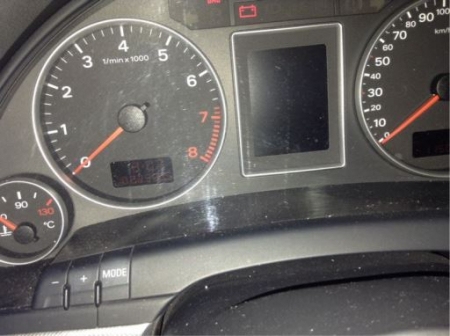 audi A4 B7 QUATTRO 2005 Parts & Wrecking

==

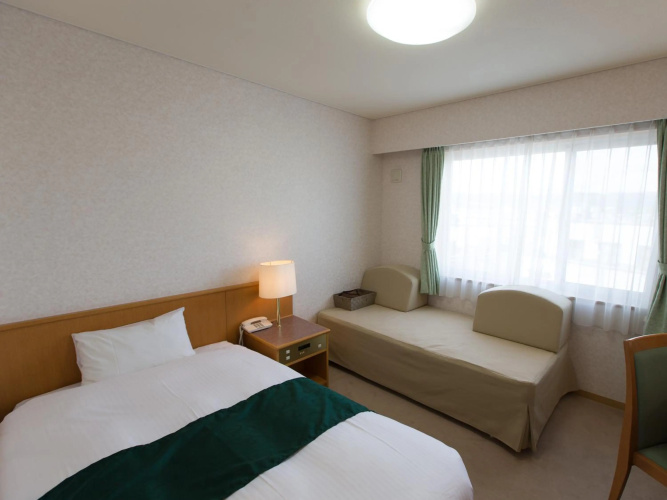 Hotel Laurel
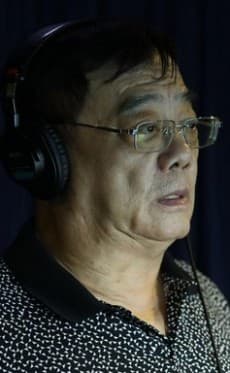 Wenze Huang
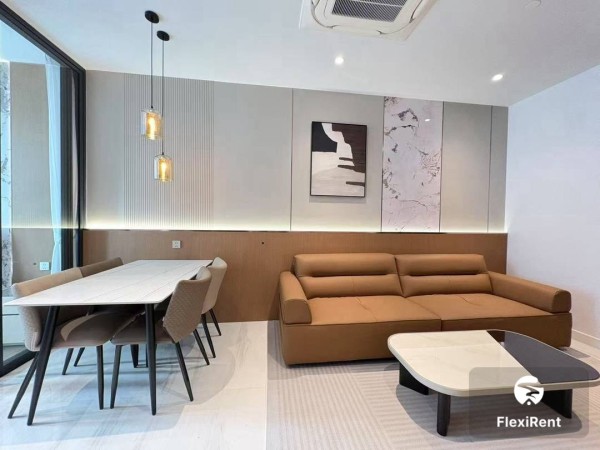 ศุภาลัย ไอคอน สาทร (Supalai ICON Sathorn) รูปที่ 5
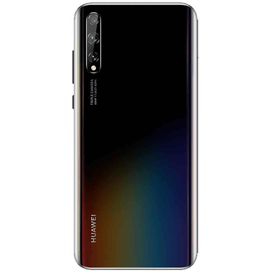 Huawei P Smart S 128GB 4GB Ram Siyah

---

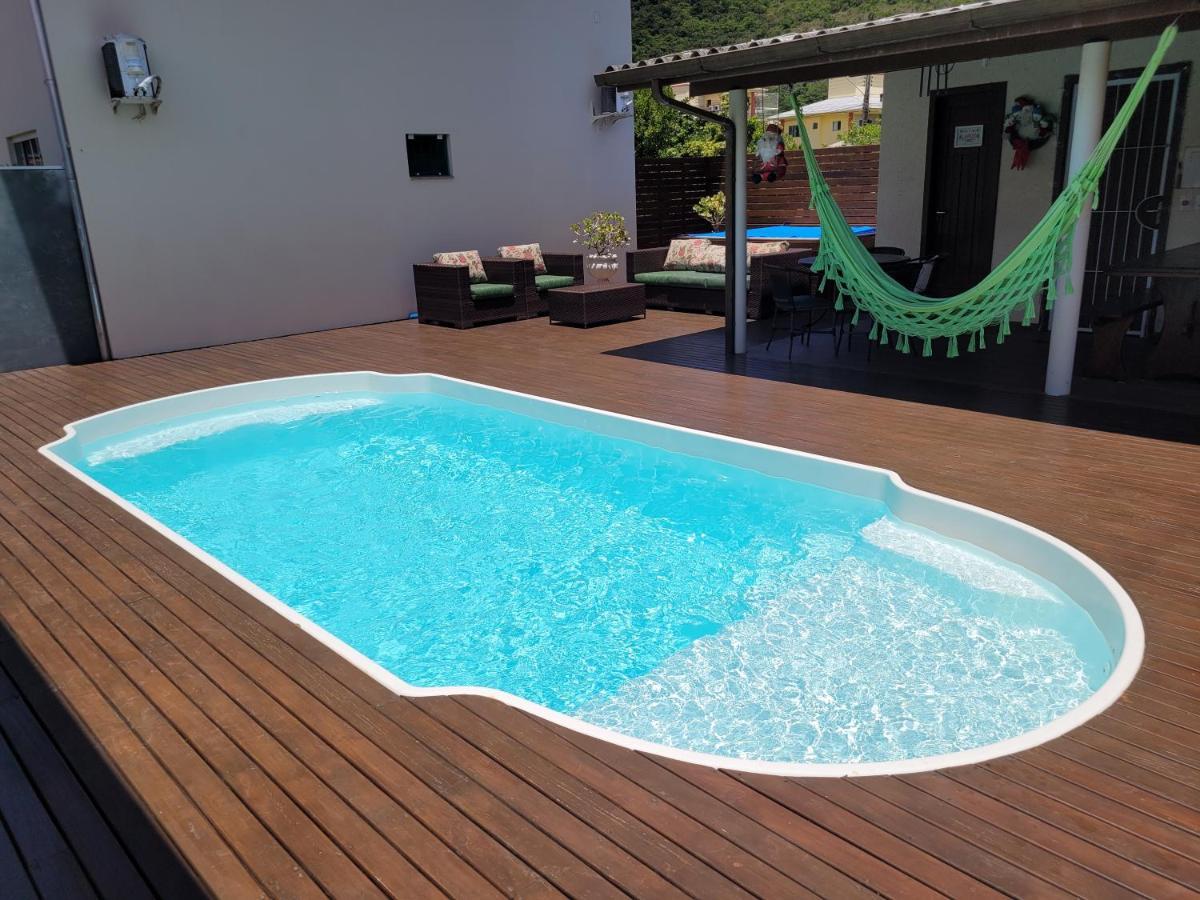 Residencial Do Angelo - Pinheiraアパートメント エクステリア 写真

**TASK DESCRIPTION**
With the pictures removed from your copy, retype the lines above from the one that contains "Wenze Huang" through the one that contains "Huawei P Smart S 128GB 4GB Ram Siyah", exactly.

**ANSWER TO THIS TASK**
 Wenze Huang
 ศุภาลัย ไอคอน สาทร (Supalai ICON Sathorn) รูปที่ 5
 Huawei P Smart S 128GB 4GB Ram Siyah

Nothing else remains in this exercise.